Now, many Americans are up in arms about health care auguring in the Union of Soviet American States. There are again twitchings towards force of arms to resist the taking away of our fundamental right to be bankrupted by little Billy's hernia operation. Obama's election really did rile folks up, and the rhetoric on the blogs of America's ultra-conservatives has again become almost indistinguishable from the manifestos written by McVeigh.

Truth be told, the kamikaze attack on the IRS building in Texas and the recent shooting at the Pentagon aren't really Tea Party related. Both attackers were libertarian/anarchist, with a healthy dose of plain ol' disturbed human being thrown into the mix.

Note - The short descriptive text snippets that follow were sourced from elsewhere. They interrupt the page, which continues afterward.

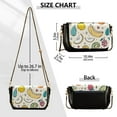 thumbnail image 3 of Leather Clamshell Crossbody Bag 10.4x5.5x3.7Inch Women's Crossbody Handbags Shoulder Purse Bank Card Bag Cash Bag Key Bag Various Fruits, 3 of 7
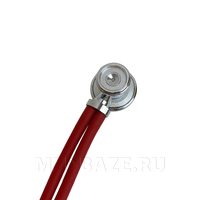 Стетоскоп мед. Раппопорта, 5 вар. комплектации, 2 пары ушных олив, красный, 04-AM602 RD, Amrus
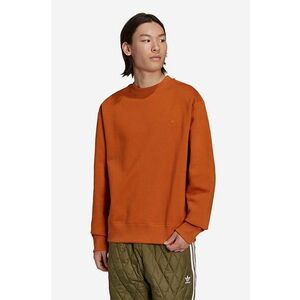 adidas Originals bluză bărbați, culoarea maro, uni H09176-brown imagine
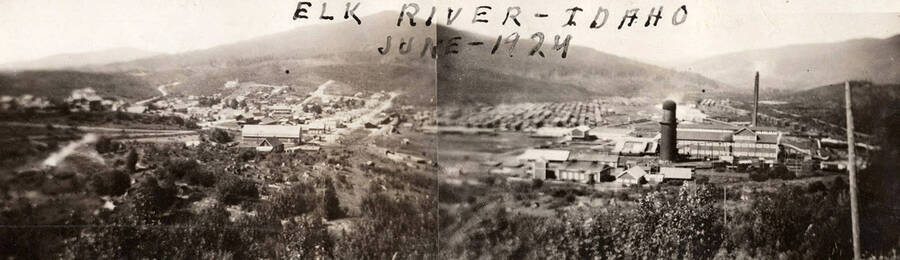 A photograph of Elk River, Idaho from June of 1924.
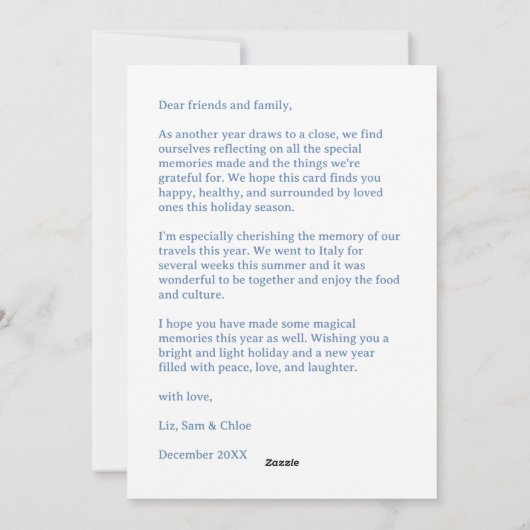 HAPPY HANUKKAH Hand-getrokken CUSTOM 6 FOTO Feestdagenkaart (Achterkant)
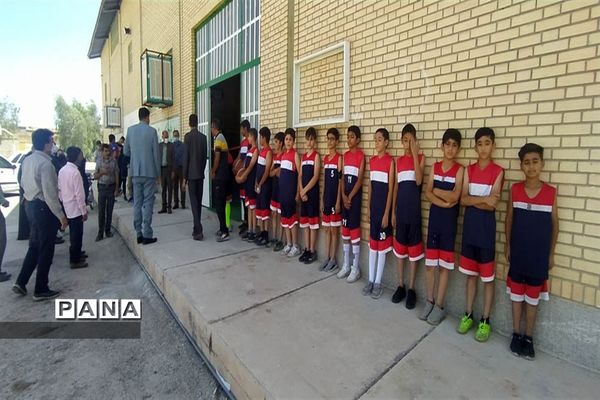 آیین افتتاح پروژه‌های ورزشی طرح شهید سردار سلیمانی شهرستان داراب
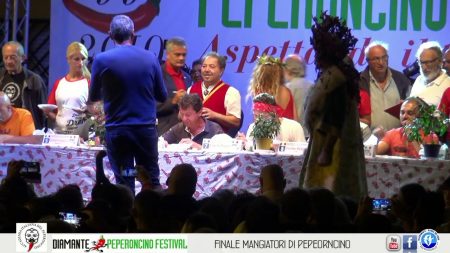 27° Peperoncino Festival di Diamante: Finale gara dei Mangiatori di Peperoncino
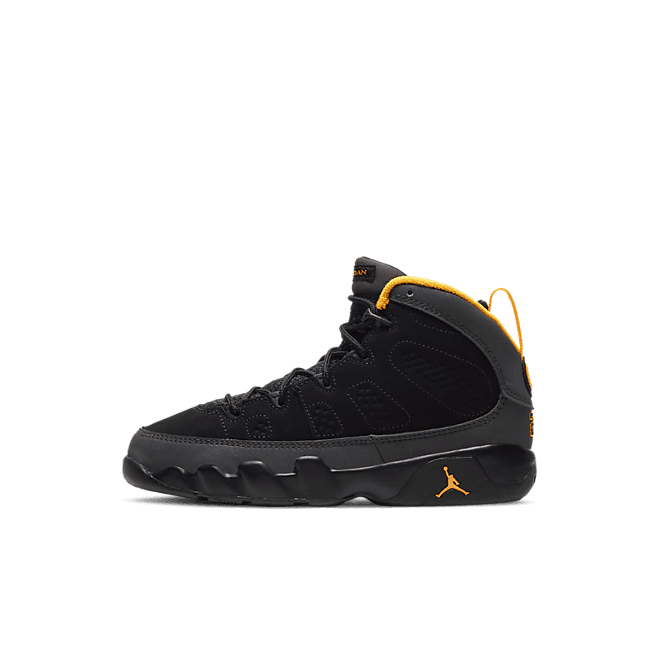 Jordan 9 Retro Dark Charcoal University Gold (PS)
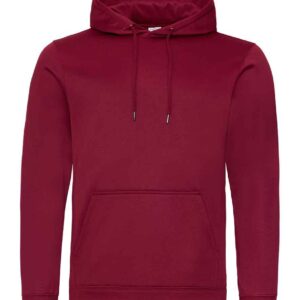 AWDis Sports Polyester Hoodie | Burgundy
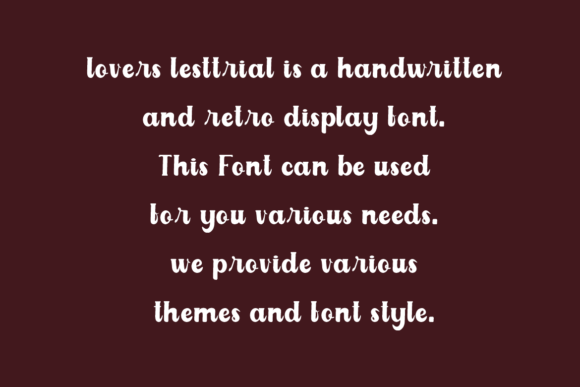 Lovers Lesttrial Font PNG with transparent background - Preview 4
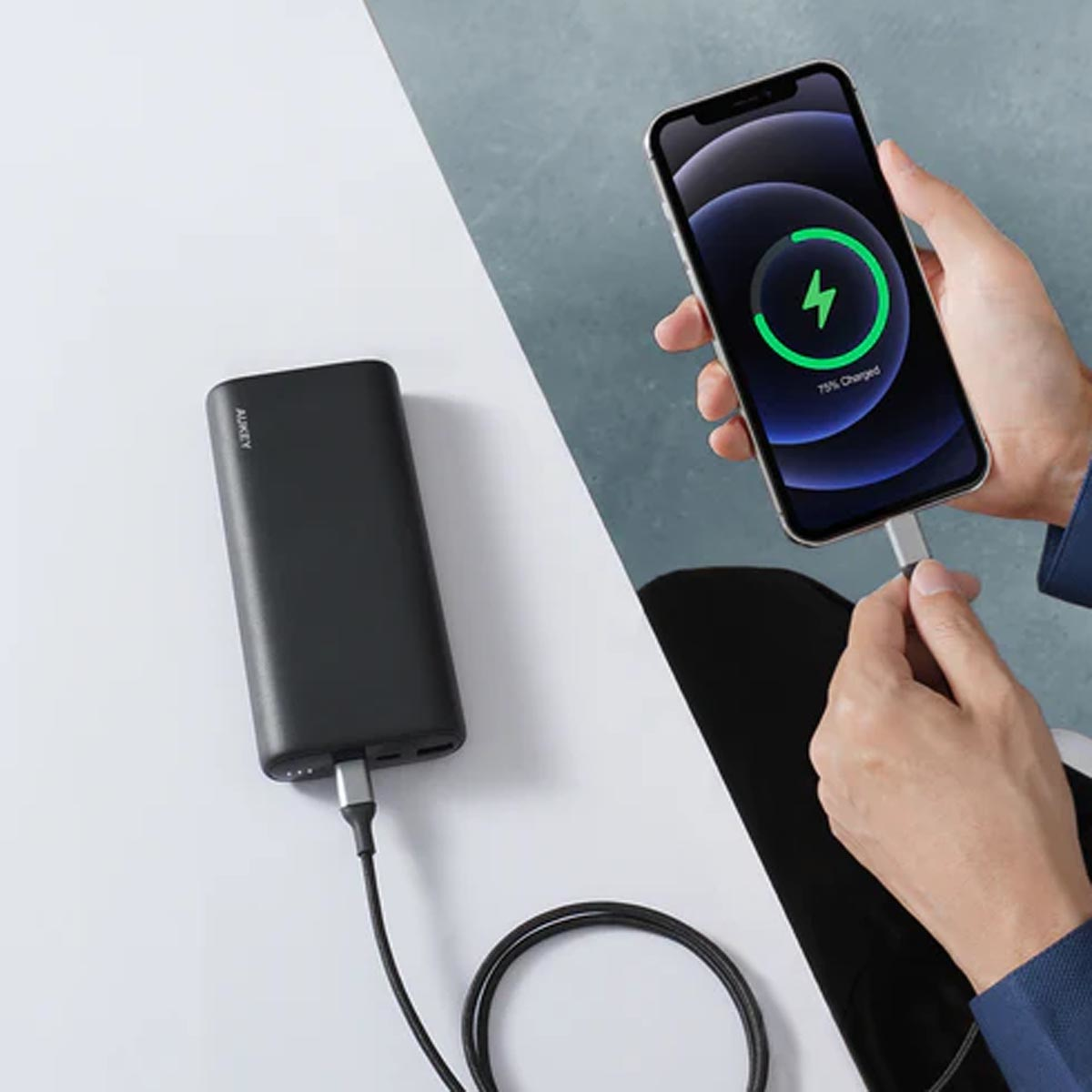 Aukey Powerbank 20000 mAh do laptopa mini 65W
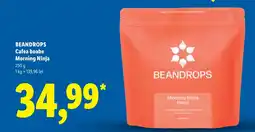 Lidl Beandrops cafea boabe morning ninja Ofertă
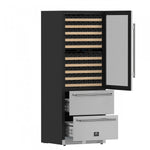 Forno Celano 30" 21.3 Cu.Ft. Stainless Steel 150 Bottle Dual Zone Wine Cellar with Two Beverage Drawers - FWCDR6697-30S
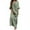 Green Dress for Women, variant on HAPIMO Women's Cotton Linen Plus Size Maxi Dress Rainbow Stripe Boho Holiday Long Sleeve Autumn Dresses V Neck Vintage Elegant Casual Comfy Pocket Gray S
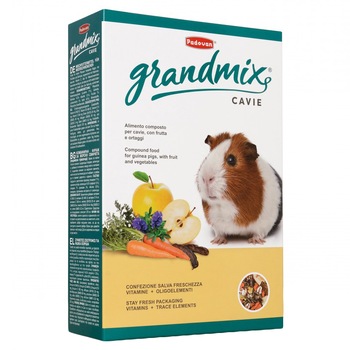 Hrana Padovan Grandmix pentru porcusor de guineea, 850 g Hrana Padovan Grandmix pentru porcusor de guineea, 850 g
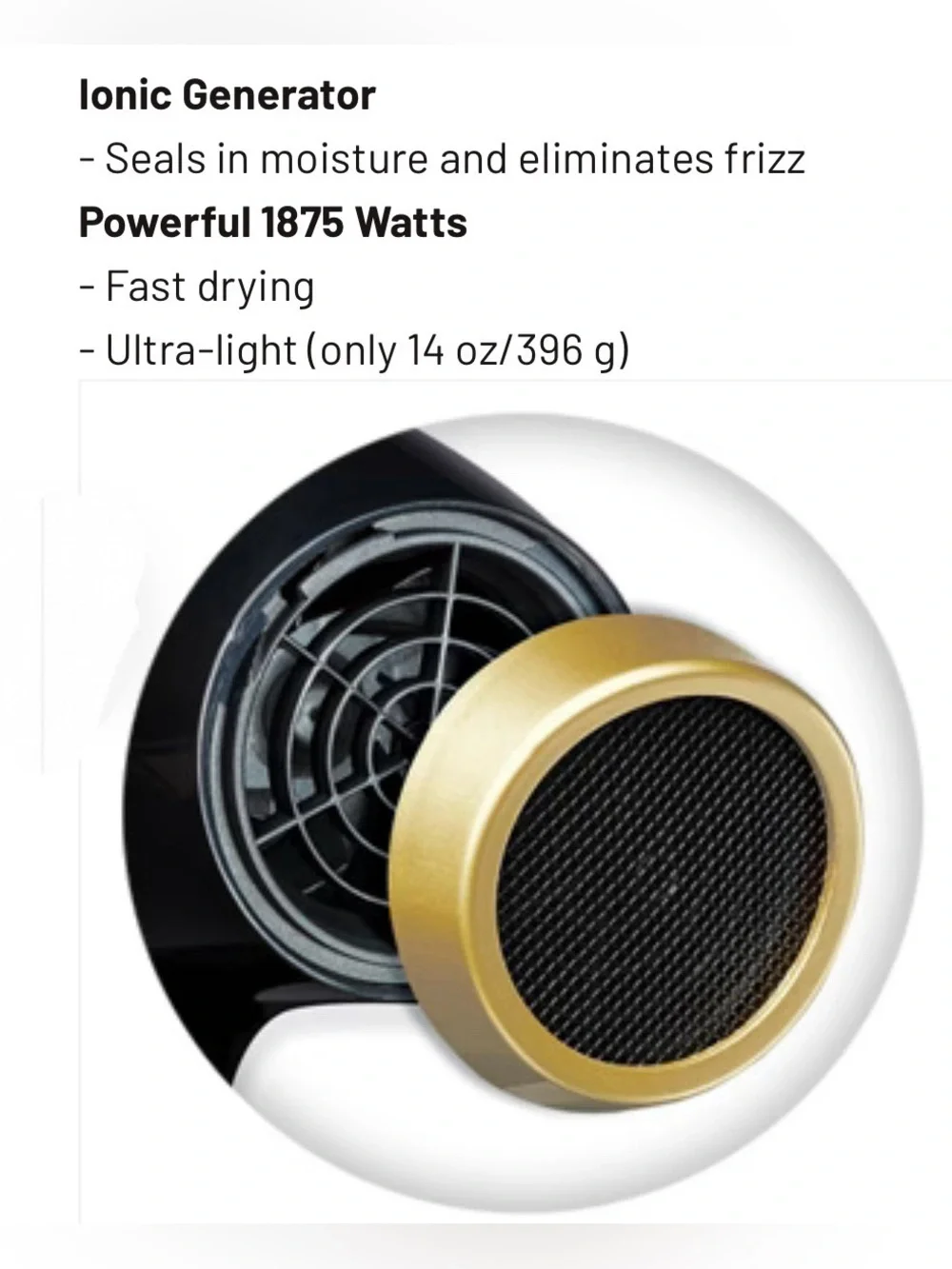 CERAMIC + ION HIGH PERFORMANCE PROFESSIONAL HAIR DRYER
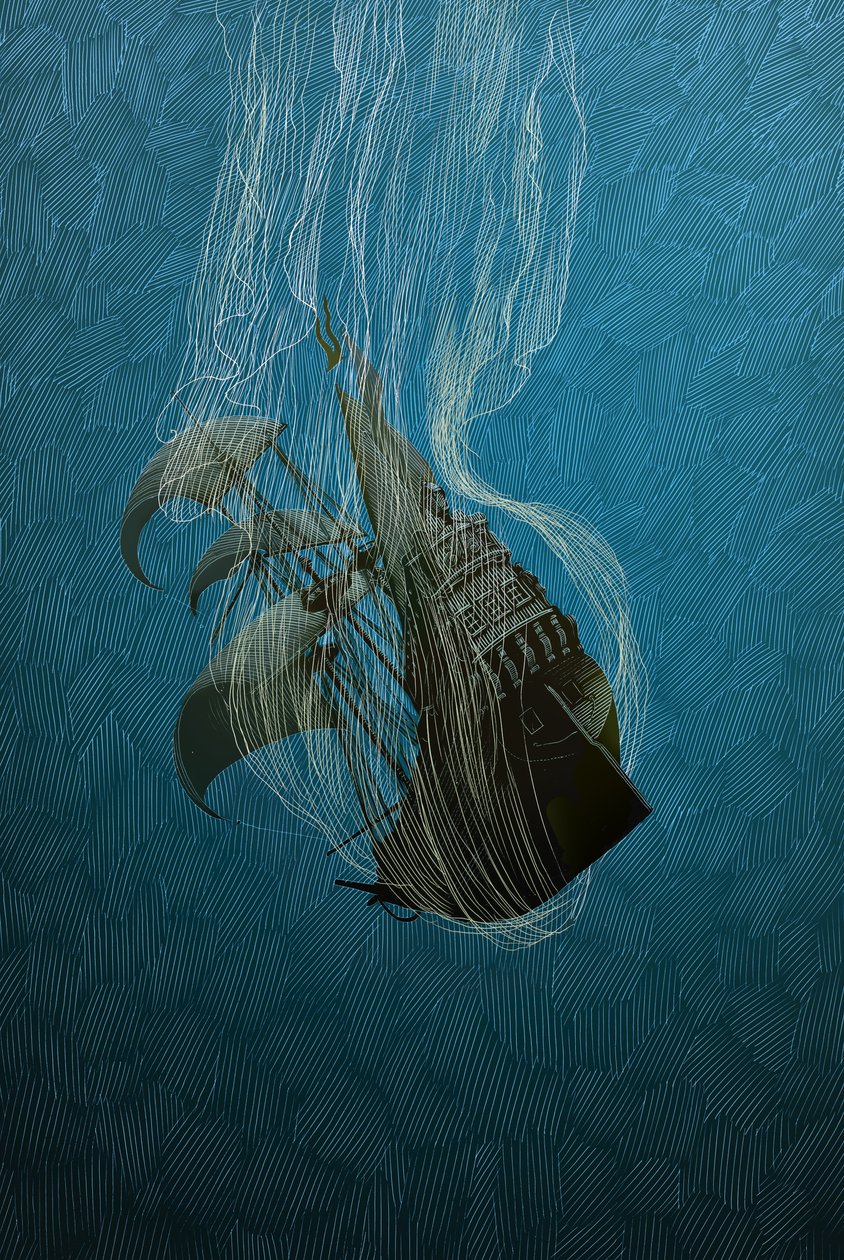 La Tempête, 2014 (planche à gratter, colorisée numériquement) - Scott McKowen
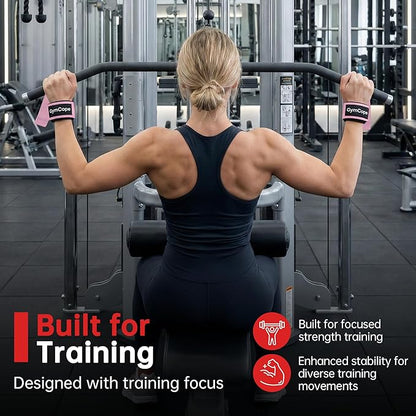 Lifting Wrist Straps for Weightlifting, Heavy Duty Wrist Straps for Deadlifts, Powerlifting, Bodybuilding and Strength Training, Secure Grip Support for Men Women 1 Pair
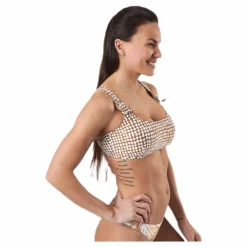 Rip Curl Paradise Cove Crop Top Gold Guld Outlet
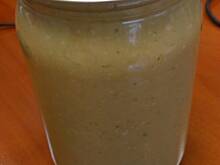 Fot. Wróbelek, Koktajl z mango, banana i płatków owsianych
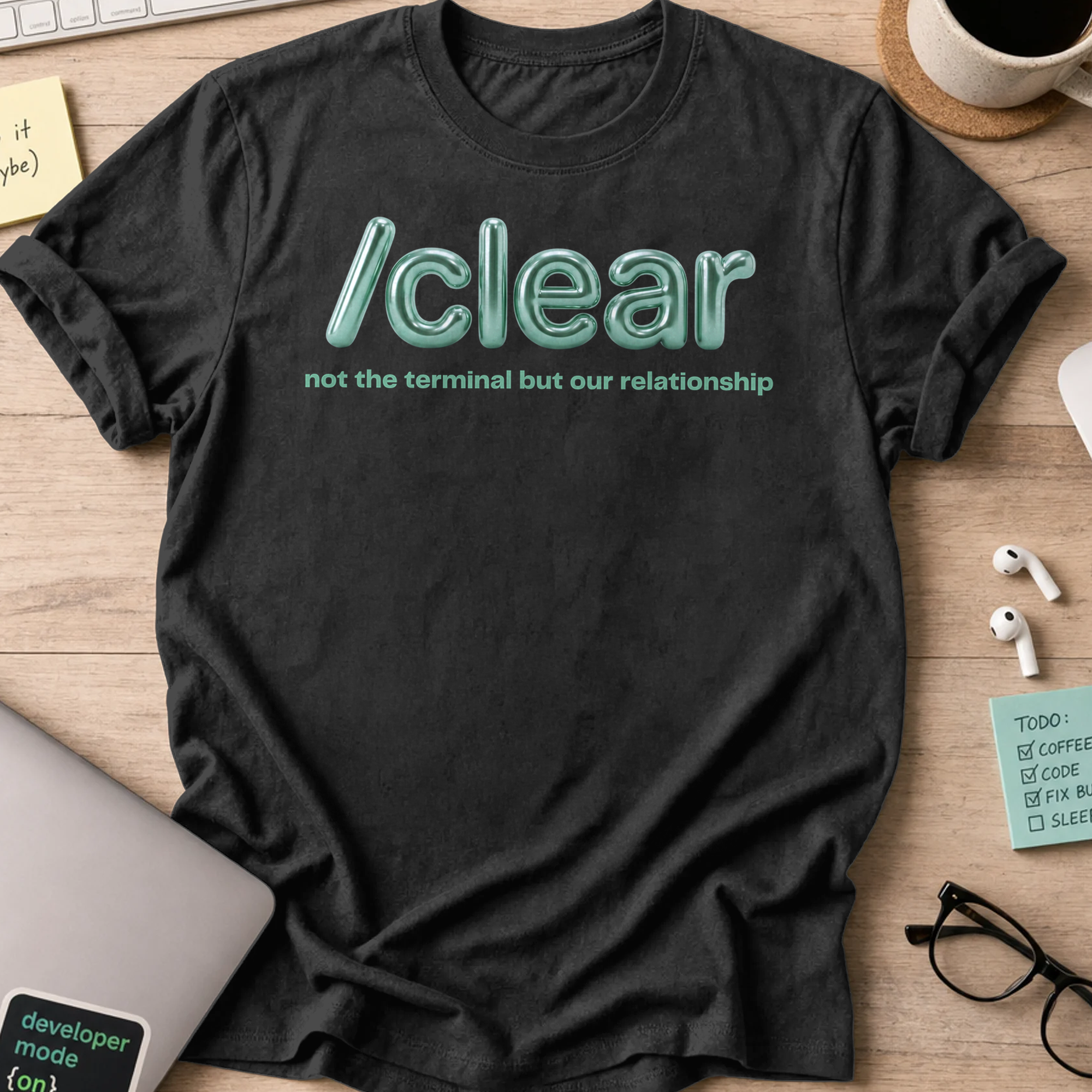 /clear Not The Terminal Shirt - Black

The challenge, of course, is that the radical and anarchic individualism that lives deep in the American id can swiftly turn to the use of force to fight the powers that be. It's a classic tool of the anarchist on both left and right, as sabotage and terror are used to undermine the power structures that oppress. You can't build a new world where you're free to do whatever you damn well please without doing some ending-of-the Fight Club destruction, or so the argument goes. Put on your black bandana! pour yourself a Molotov cocktail! You need to blow it all up, tear it all down, and then do a tabula rasa hard restart.

Problem is, this perspective doesn't strike me as truly anarchic. Anarchy is, as I grasp it from my admittedly Jesusy perspective, the radical opposition to human beings having coercive power over other human beings. It stands against both cultural and economic power structures because those power structures are almost invariably used to aggregate power in the hands of a few. It isn't really a particular socio-economic system, because the underlying assumptions of both societies and markets depend on coercive power.

The popular image of the anarchist, which many self-proclaimed anarchists have embraced, is completely at odds with the core ethic of anarchy. For those who reject the power of government and the market, the use of violence to resist that power means that you have internalized and are acting upon the very ethic of coercive power that you purport to reject. Inflicting harm or the use of violence to bring about a particular end is totally at odds with renouncing power over others.

When an angry soul strikes out against the Fed, or the IRS, or Wall Street, or the Pentagon, they aren't serving the cause of freedom from coercion. They are only showing that they haven't really internalized their resistance to power, and that they don't understand the Law of Liberty.

Which, I suppose, makes the Amish the only true anarchists. Or perhaps the Shakers.